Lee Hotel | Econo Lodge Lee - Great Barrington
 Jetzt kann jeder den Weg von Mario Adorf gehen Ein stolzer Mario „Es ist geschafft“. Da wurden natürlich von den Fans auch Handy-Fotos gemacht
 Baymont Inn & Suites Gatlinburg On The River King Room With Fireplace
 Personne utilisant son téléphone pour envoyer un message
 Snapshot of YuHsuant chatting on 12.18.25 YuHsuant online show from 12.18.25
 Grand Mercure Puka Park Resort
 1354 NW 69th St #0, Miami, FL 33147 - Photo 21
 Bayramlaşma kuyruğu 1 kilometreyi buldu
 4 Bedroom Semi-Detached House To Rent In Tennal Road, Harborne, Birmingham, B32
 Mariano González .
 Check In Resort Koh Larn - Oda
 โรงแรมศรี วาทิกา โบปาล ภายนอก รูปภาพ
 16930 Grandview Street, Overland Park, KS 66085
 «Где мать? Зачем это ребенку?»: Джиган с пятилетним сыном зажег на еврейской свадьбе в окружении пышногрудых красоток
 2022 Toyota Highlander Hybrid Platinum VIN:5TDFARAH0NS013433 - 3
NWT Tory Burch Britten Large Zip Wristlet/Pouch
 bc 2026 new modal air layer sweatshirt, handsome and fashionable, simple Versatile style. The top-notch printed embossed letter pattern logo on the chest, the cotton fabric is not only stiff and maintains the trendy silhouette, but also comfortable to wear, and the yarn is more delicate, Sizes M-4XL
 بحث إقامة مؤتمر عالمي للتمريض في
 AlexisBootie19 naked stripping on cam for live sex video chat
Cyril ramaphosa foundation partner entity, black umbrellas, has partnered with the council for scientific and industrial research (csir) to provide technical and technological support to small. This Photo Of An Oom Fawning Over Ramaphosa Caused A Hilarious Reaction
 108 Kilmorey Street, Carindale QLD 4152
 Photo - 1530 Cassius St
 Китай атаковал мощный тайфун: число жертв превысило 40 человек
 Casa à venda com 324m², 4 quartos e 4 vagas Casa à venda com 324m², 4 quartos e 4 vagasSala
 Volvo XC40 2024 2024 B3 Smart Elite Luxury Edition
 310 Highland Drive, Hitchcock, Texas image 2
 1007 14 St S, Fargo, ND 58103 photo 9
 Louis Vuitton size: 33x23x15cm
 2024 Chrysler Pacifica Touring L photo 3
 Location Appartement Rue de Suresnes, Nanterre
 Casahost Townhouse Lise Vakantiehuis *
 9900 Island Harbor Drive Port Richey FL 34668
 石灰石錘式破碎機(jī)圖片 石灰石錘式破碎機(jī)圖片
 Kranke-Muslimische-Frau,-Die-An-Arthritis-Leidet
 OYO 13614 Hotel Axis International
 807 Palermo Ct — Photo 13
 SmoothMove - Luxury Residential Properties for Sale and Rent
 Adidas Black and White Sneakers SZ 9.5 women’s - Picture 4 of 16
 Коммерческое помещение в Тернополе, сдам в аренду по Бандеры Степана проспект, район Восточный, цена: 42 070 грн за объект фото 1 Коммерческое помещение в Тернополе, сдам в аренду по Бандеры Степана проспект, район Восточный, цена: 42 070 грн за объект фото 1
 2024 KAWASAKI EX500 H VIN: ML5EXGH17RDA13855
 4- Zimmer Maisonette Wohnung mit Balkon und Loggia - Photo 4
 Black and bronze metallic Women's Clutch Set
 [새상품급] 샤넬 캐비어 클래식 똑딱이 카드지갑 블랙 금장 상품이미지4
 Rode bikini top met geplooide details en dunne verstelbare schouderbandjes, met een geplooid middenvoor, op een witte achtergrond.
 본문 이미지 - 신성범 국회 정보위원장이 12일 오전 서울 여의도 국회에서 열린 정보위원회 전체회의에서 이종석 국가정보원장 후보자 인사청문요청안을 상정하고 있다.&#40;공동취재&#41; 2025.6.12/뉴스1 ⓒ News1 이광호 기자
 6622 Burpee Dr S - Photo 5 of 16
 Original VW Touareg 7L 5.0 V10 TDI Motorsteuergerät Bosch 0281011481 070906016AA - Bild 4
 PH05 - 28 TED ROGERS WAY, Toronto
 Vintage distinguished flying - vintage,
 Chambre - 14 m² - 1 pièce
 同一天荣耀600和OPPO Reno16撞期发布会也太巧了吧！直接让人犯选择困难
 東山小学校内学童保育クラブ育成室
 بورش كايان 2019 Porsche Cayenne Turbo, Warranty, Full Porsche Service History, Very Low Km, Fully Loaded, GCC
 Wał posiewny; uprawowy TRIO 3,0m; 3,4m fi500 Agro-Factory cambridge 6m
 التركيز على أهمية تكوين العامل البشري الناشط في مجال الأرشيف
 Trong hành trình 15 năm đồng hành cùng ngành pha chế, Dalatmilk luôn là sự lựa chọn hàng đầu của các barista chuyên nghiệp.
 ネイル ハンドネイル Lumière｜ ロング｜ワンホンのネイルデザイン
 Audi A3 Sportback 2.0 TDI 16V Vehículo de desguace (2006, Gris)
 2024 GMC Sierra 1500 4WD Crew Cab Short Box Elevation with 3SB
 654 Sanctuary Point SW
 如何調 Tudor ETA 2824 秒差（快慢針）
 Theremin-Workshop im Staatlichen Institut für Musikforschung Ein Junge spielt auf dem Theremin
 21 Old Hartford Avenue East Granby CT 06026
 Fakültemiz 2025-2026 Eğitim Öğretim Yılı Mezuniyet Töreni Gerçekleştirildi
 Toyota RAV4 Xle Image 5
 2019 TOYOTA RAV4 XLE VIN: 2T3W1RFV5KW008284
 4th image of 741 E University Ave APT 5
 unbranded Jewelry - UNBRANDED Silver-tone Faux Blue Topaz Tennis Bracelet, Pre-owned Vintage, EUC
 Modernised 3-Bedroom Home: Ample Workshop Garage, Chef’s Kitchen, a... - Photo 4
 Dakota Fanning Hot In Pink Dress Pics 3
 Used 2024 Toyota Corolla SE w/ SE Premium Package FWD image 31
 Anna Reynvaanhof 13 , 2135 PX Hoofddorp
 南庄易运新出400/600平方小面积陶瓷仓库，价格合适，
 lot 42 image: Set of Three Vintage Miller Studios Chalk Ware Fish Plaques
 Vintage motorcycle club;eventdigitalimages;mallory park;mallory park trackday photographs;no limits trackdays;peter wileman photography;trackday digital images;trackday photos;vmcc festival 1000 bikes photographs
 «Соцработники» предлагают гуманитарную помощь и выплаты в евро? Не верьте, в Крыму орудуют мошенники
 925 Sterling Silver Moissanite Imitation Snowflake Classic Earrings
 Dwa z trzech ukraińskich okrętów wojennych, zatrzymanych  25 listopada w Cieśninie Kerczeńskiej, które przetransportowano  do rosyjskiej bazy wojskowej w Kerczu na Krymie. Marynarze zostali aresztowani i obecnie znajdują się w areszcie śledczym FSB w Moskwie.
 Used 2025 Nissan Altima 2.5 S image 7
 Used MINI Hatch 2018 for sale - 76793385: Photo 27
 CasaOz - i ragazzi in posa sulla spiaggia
-.-.-
Your task =
Within the lines above, find those holding the word "Bedroom" and copy them.

Exercise response =
 4 Bedroom Semi-Detached House To Rent In Tennal Road, Harborne, Birmingham, B32
 Modernised 3-Bedroom Home: Ample Workshop Garage, Chef’s Kitchen, a... - Photo 4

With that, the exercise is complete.